Cerclage is, unfortunately, the only way doctors can hope to save a pregnancy in this situation. Ob-gyn Sarah Yamaguchi, M.D., explained, “Once this process of dilation and effacing starts, it can't be reversed—the more dilated the cervix is, the less effective the cerclage will be, so time is of the essence.”
Morgan readily agreed to have a cerclage. It wasn’t too painful; she remembered having mild cramps and feeling a little sore, but there weren’t other complications.
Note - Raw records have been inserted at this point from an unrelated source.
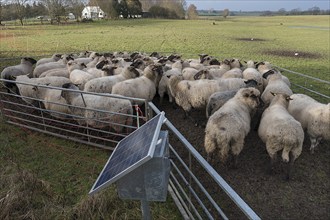 Crowded black-headed domestic sheep (Ovis gmelini aries) in the pen, in front a solar panel for the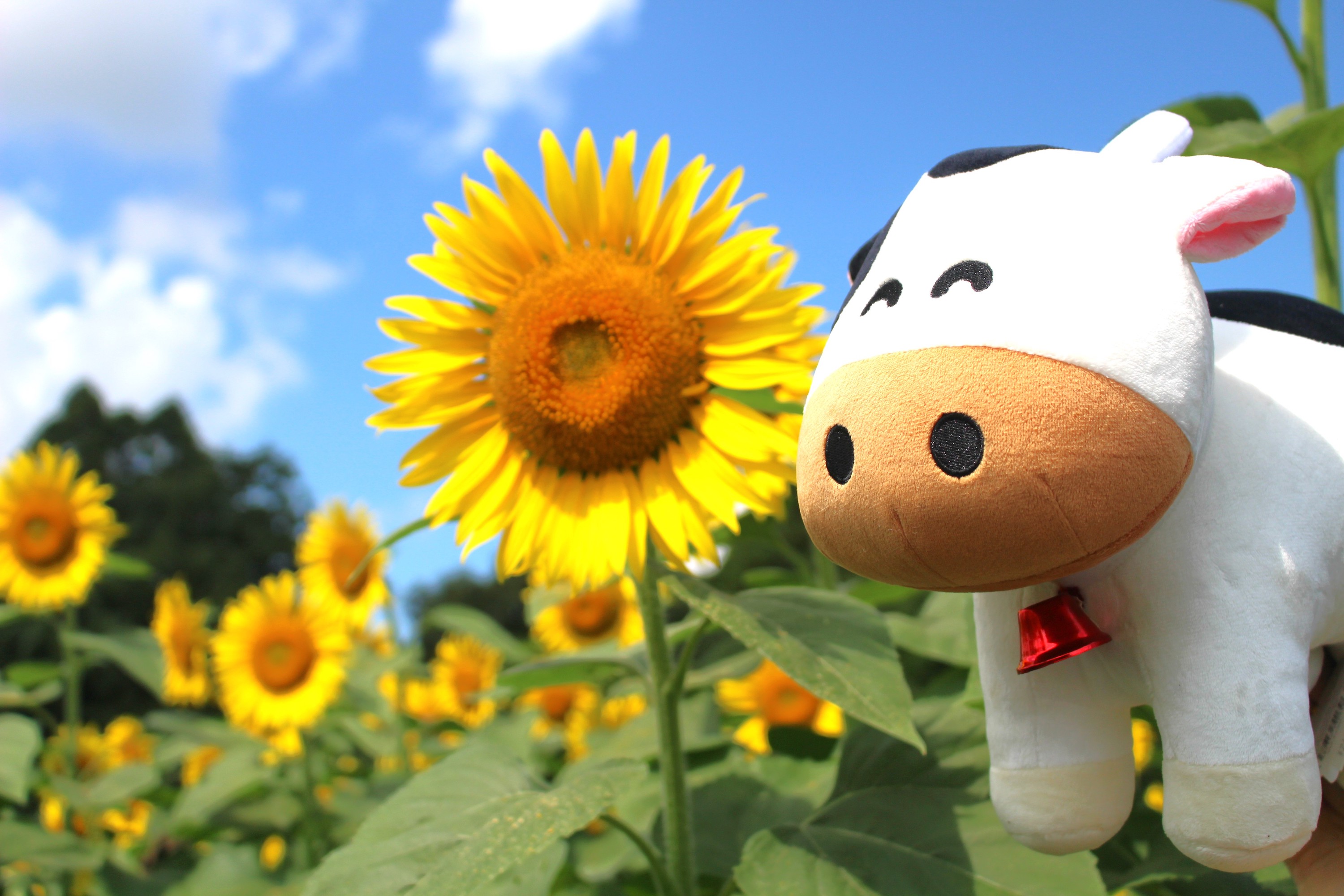 日本成田夢牧場門票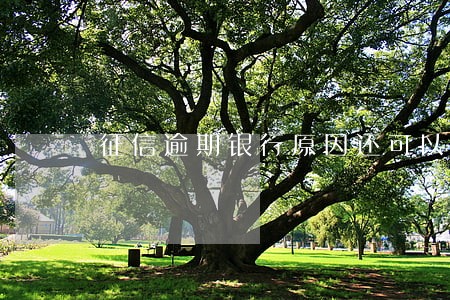 征信逾期银行原因还可以补救么 征信逾期银行原因还可以补救么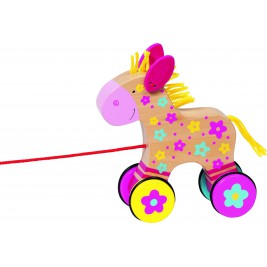 Horse, animal, shoot Clahra Susibelle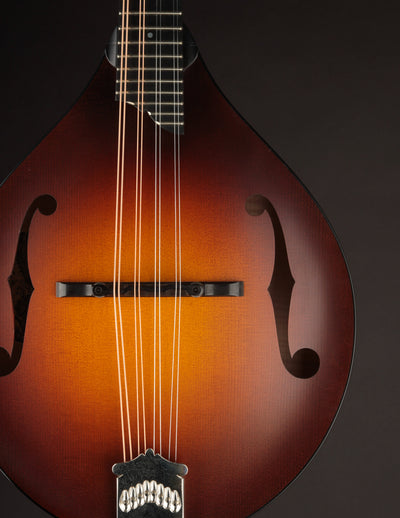 Collings MT Wide Nut (USED, 2018)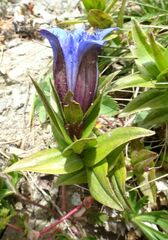 Gentiana septemfida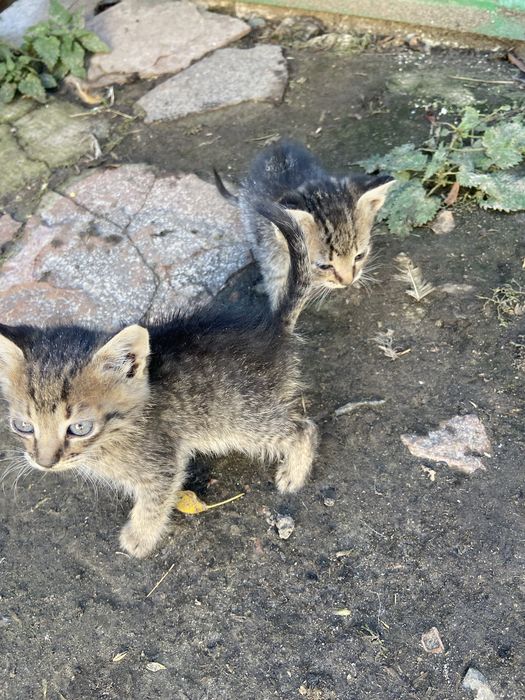 Котенятка гарненькі шукають свою родину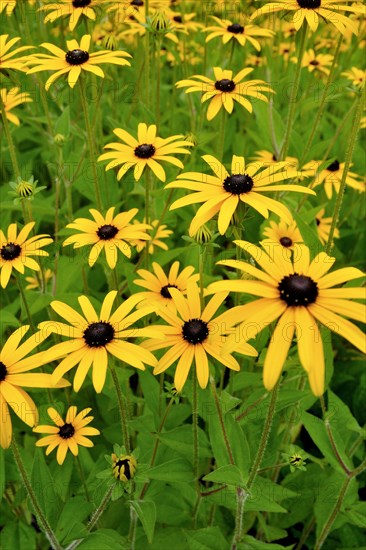 Orange coneflower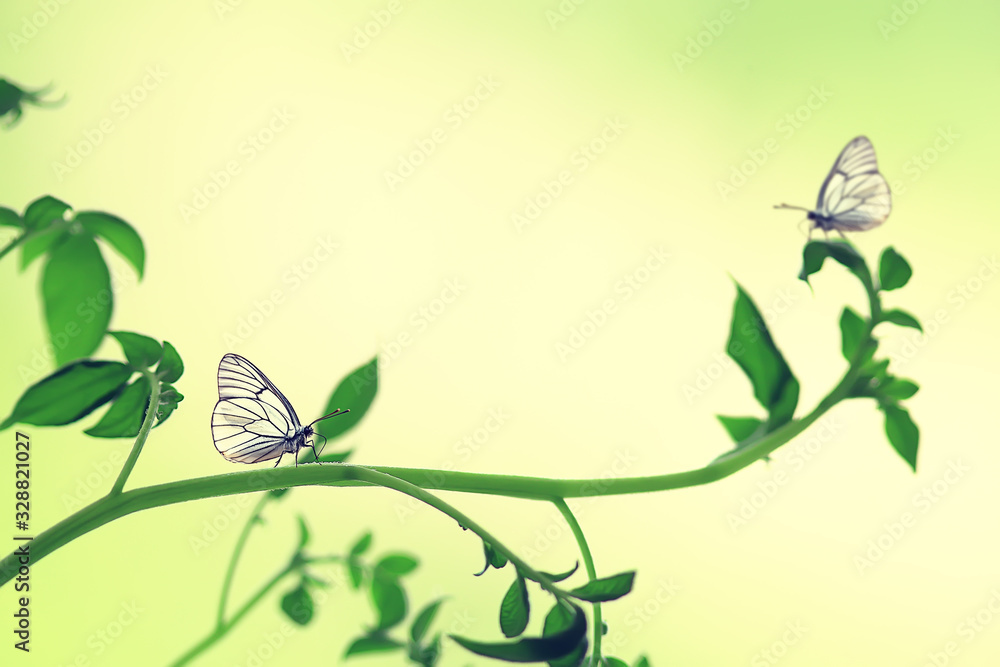 Obraz premium butterfly on a flower spring background, abstract view april wilderness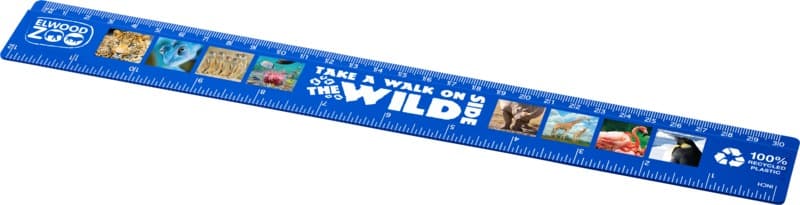 Refari 30 cm recycled plastic ruler 16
But six weeks later, one of the twins – Kathryn – pushed through Morgan’s already thinned cervix. William, the other twin, came not long after. Neither twin survived.
“Ironically, the cerclage held,” Morgan recalled. “The pressure from Kathryn was too great and she tore a new hole through my cervix. They had to go in and remove the cerclage after they were born to get the placentas out."
This problem – of having a thinned cervix discovered late – happens to one in every 100 pregnant women. Doctors have yet to develop another method of diagnosing and treating this problem before it’s often too late to save the baby. Only 40-60% of emergency cerclage procedures actually keep the baby in utero until 37 weeks.
While it may be possible to make the stitches of a cerclage thicker to ensure its strength, this then raises the risk of infection and actually accelerate birth. Scientists and doctors are still testing and discussing how cerclages can be used more effectively in emergency situations – but it’s already clear that preventive cerclages are far more consistent.
During her following two pregnancies, Morgan asked her doctor to have preventive cerclages done – and she’s now the mother of two happy, healthy children.
Morgan is well aware of all the risks that comes with having a cerclage done, but she knows, “I’d do it again in a heartbeat if I had to.”